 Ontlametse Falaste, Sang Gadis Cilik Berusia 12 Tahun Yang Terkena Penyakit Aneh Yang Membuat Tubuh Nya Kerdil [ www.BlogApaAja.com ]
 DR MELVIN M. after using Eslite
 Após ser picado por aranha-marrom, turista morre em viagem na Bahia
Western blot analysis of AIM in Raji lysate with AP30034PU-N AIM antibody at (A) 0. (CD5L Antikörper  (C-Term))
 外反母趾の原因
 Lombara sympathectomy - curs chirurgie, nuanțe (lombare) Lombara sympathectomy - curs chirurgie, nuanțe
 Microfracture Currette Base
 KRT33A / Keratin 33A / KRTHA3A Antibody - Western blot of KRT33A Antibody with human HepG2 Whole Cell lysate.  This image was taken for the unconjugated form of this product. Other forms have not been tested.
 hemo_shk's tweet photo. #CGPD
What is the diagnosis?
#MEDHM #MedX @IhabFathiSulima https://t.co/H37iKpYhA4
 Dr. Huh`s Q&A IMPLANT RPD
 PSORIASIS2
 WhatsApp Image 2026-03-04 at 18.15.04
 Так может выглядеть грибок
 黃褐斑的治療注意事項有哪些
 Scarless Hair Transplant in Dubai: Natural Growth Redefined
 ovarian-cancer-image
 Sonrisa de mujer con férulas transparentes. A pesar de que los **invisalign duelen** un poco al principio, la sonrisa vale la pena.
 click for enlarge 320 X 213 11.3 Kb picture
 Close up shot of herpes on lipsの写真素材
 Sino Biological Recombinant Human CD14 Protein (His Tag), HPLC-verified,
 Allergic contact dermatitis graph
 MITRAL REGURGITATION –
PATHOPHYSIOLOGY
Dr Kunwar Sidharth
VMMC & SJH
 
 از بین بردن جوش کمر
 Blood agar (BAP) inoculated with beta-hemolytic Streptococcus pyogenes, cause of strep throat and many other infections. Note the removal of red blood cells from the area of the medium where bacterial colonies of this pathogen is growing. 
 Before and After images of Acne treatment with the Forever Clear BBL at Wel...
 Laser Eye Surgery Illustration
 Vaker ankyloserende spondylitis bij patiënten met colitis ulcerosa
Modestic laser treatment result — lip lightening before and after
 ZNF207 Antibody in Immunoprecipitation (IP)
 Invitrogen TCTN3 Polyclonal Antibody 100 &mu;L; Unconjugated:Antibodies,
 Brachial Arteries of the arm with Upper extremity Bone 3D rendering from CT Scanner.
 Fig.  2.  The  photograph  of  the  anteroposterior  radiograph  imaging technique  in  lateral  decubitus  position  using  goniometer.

::::::

> Exercise objective: Transcribe each entry. Leave nothing out.

> Output below:
 Ontlametse Falaste, Sang Gadis Cilik Berusia 12 Tahun Yang Terkena Penyakit Aneh Yang Membuat Tubuh Nya Kerdil [ www.BlogApaAja.com ]
 DR MELVIN M. after using Eslite
 Após ser picado por aranha-marrom, turista morre em viagem na Bahia
Western blot analysis of AIM in Raji lysate with AP30034PU-N AIM antibody at (A) 0. (CD5L Antikörper  (C-Term))
 外反母趾の原因
 Lombara sympathectomy - curs chirurgie, nuanțe (lombare) Lombara sympathectomy - curs chirurgie, nuanțe
 Microfracture Currette Base
 KRT33A / Keratin 33A / KRTHA3A Antibody - Western blot of KRT33A Antibody with human HepG2 Whole Cell lysate.  This image was taken for the unconjugated form of this product. Other forms have not been tested.
 hemo_shk's tweet photo. #CGPD
What is the diagnosis?
#MEDHM #MedX @IhabFathiSulima https://t.co/H37iKpYhA4
 Dr. Huh`s Q&A IMPLANT RPD
 PSORIASIS2
 WhatsApp Image 2026-03-04 at 18.15.04
 Так может выглядеть грибок
 黃褐斑的治療注意事項有哪些
 Scarless Hair Transplant in Dubai: Natural Growth Redefined
 ovarian-cancer-image
 Sonrisa de mujer con férulas transparentes. A pesar de que los **invisalign duelen** un poco al principio, la sonrisa vale la pena.
 click for enlarge 320 X 213 11.3 Kb picture
 Close up shot of herpes on lipsの写真素材
 Sino Biological Recombinant Human CD14 Protein (His Tag), HPLC-verified,
 Allergic contact dermatitis graph
 MITRAL REGURGITATION –
PATHOPHYSIOLOGY
Dr Kunwar Sidharth
VMMC & SJH
 
 از بین بردن جوش کمر
 Blood agar (BAP) inoculated with beta-hemolytic Streptococcus pyogenes, cause of strep throat and many other infections. Note the removal of red blood cells from the area of the medium where bacterial colonies of this pathogen is growing. 
 Before and After images of Acne treatment with the Forever Clear BBL at Wel...
 Laser Eye Surgery Illustration
 Vaker ankyloserende spondylitis bij patiënten met colitis ulcerosa
Modestic laser treatment result — lip lightening before and after
 ZNF207 Antibody in Immunoprecipitation (IP)
 Invitrogen TCTN3 Polyclonal Antibody 100 &mu;L; Unconjugated:Antibodies,
 Brachial Arteries of the arm with Upper extremity Bone 3D rendering from CT Scanner.
 Fig.  2.  The  photograph  of  the  anteroposterior  radiograph  imaging technique  in  lateral  decubitus  position  using  goniometer.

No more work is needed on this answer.